The resolution designates the right of the local government to potentially reassess private property for public use in the form of payment or compensation of fair market value, if necessary, as part of the downtown redevelopment process. Township leaders have stepped up redevelopment plans in recent months due to the ongoing COAH affordable housing litigation. Surrounding municipalities in Union County, including Fanwood, have undergone affordable housing litigation, which is being driven by the Fair Share Housing Center and enforced by the Supreme Court of the State of New Jersey.
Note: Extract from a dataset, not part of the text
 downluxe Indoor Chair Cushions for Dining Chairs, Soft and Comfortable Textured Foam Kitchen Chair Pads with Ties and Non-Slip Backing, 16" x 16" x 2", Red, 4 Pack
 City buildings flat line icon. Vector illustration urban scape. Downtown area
The debated vote comes less than a week after the Downtown Redevelopment Committee’s second meeting, which evaluated the pros and cons, according to Scotch Plains Mayor Al Smith and Deputy Mayor Llewellyn Jones, both members of the newly-formed group. The counsel of the committee advised the governing body to include eminent domain on the plan as a "tool in their toolbox." Several local property owners are on the committee including Joe Mortarulo, managing partner of Darby Road on Park Ave.
“This is not an easy decision for me,” said Mayor Al Smith, who is chairman of the Downtown Redevelopment Committee. “We’ve got a new factor in this: Fair Share Housing There’s a lot of decisions that we have to make on behalf of our residents as their representatives. The last thing I want is somebody telling me what to do with or around my property.”
“An entire plan could potentially collapse because one property owner doesn’t want to sell their property,” Smith continued. “The court could then come in and dictate where they are going to build the property in the last place you want to be in Scotch Plains.”
Councilwoman Rose Checchio and Councilman John Del Sordi both voted no on the resolution.
“I want to see the Downtown Redevelopment move forward, but I just have a hard time (voting for this) because I would like to hear from the property owners first,” said Checchio, who added that she understands there are incentives and other positive takeaways. “I can’t vote yes on this until I have a better understanding how property owners in Scotch Plains feel about this.”
“If I lived on one of these streets around here, I wouldn’t want somebody having that ‘tool in their toolbox’ to dictate to me what they (decide to do) with my property for fair market value,” explained an impassioned Del Sordi. “Not while I’m ever up here will I support eminent domain and dictate to these people what they should do with their properties.”
He acknowledged the good work that the Scotch Plains Redevelopment Committee was doing and was encouraged with the progress that has been made.
Deputy Mayor Llewellyn Jones, who is also vice-chairman of the Scotch Plains Downtown Redevelopment Committee, refuted the claim that the public was left in the dark.
“I don’t think it should be a surprise to anybody that we’re talking about Downtown Redevelopment,” suggested Jones, who admitted that he was originally against the concept of eminent domain in Scotch Plains a couple years ago.
He added that two things have changed – the ongoing affordable housing litigation and the advice of the counsel.
“We have to keep in mind our responsibility to the entirety of the town,” Jones explained. “(Scotch Plains) is under pressure to undergo redevelopment and that’s being forced upon us by the Supreme Court of the State of New Jersey as we continue to negotiate hard in the town’s best interest.”
There are currently no immediate plans of enforcing eminent domain and in the event that issue arises, it is a lengthy process that involves both the council and Planning Board. The entire council was in agreement that it is something they would not like to see happen.
The Downtown Redevelopment Committee will host its next meeting on Wednesday, June 14 at 6:30 p.m. at Town Hall and the public is invited to attend.